New Study Proves Statistical Acrobatics Can’t Hide Shoddy Methodology

By Larry Keane

A recent study published by the National Bureau of Economic Research is making the news for “proving” one of the most popular anti-gun fallacies out there: that more guns means more crime.

Of course, a simple analysis demonstrates a downward trend in crime rates, even as the number of firearms on the market has increased dramatically over the past 20 years, clearly rendering the argument ridiculous. Even without a PhD, the trends are clear. So how does the gun control crowd fight against reality? By devising complicated statistical analyses that poorly attempt to show the opposite is true. This new study is no different.

Building on a deeply-flawed study the authors published in 2014, they revisit the topic of the supposed effects of Right-to-Carry (RTC) laws on the violent crime rate. One of the premier researchers who was attacked in the study, John R. Lott, has published his own rebuttal (worth the read here) that tackles many of the cherry-picking strategies of the authors. There are far too many additional problems with the methodology of the study to cover in a blog post, but here are three of the more egregious problems.

“Violent Crime” is used as a variable

They use “Violent Crime” as a variable. Unlike prior studies, including the authors’ own previous studies, this report is entirely based on supposed effects of RTC laws on “the violent crime rate,” a miscellaneous measure that lumps together the radically different crimes of murder, rape, robbery, and aggravated assault. The only specific violent crime type addressed is murder, and the authors’ statistical results (as distinct from the verbal spin they put on them) indicated no significant (at the conventional 5% level) effect of RTC laws on murder rates.

Perhaps the analysis was limited to violent crime because the authors’ 2014 study, which used a virtually identical set of data, found no significant effect on murder rates, rape rates or robbery rates. The 2014 study did find borderline significant (5-10% significance) “effects” on aggravated assault rates, though only under some methodological conditions. Because the vast majority of reported violent crimes are aggravated assaults, most of what the authors are referring to as “violent crime” in the 2017 report is aggravated assault.

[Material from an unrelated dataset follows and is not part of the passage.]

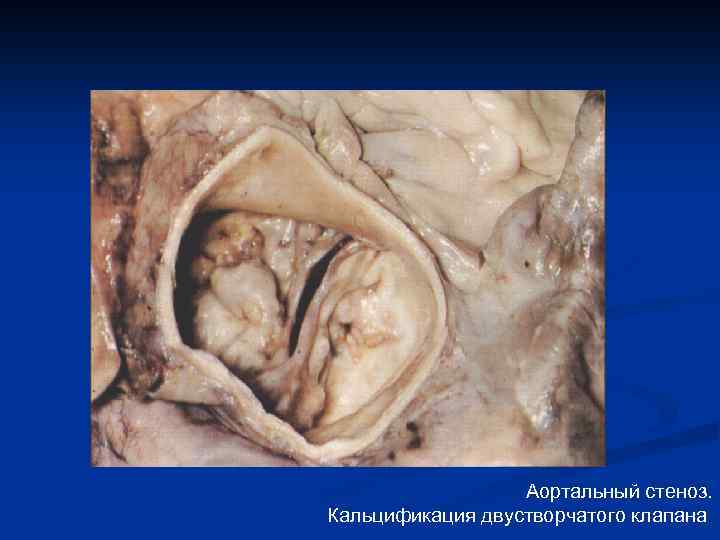 Аортальный стеноз. Кальцификация двустворчатого клапана.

As far as the reader can determine, the 2017 study, like the 2014 study, found no effect of RTC laws on rates of murder, rape, or robbery, and possibly detrimental effects of RTC laws limited to aggravated assault, but obscured the weak and mixed character of their results by needlessly lumping together very different types of violent crime into a measure dominated by aggravated assaults.

If the laws really caused increases in aggravated assaults, they should, at minimum, specifically increase aggravated assaults committed with guns. The results reported in their 2014 study however, indicated that there was no significant impact of RTC laws on gun-related aggravated assault in 6 of 8 models. The authors choose not to mention this inconvenient finding in the report of their 2017 study.

Aggravated assault data is unreliable

The FBI’s Uniform Crime Reporting (UCR) data for aggravated assault is unreliable. It has long been recognized that police-based crime statistics are subject to serious error, except those pertaining to murder, because most other crime types are not reported to the police. Thus, the rate of reported aggravated assault or other violent crime type can appear to increase even if the actual rate did not increase at all. Likewise, the rate of reported crime can appear higher in one county or state than in another even if there is no actual difference.

How do we test the data? One key test of the validity of the UCR crime rates is checking to see how closely these city crime rates are correlated with crime rates based on victim surveys. The worst correlations are for aggravated assault. In fact, the correlation is significantly negative for this crime type – cities that had higher aggravated assault rates according to victim surveys had lower aggravated assault rates according to UCR police-based data.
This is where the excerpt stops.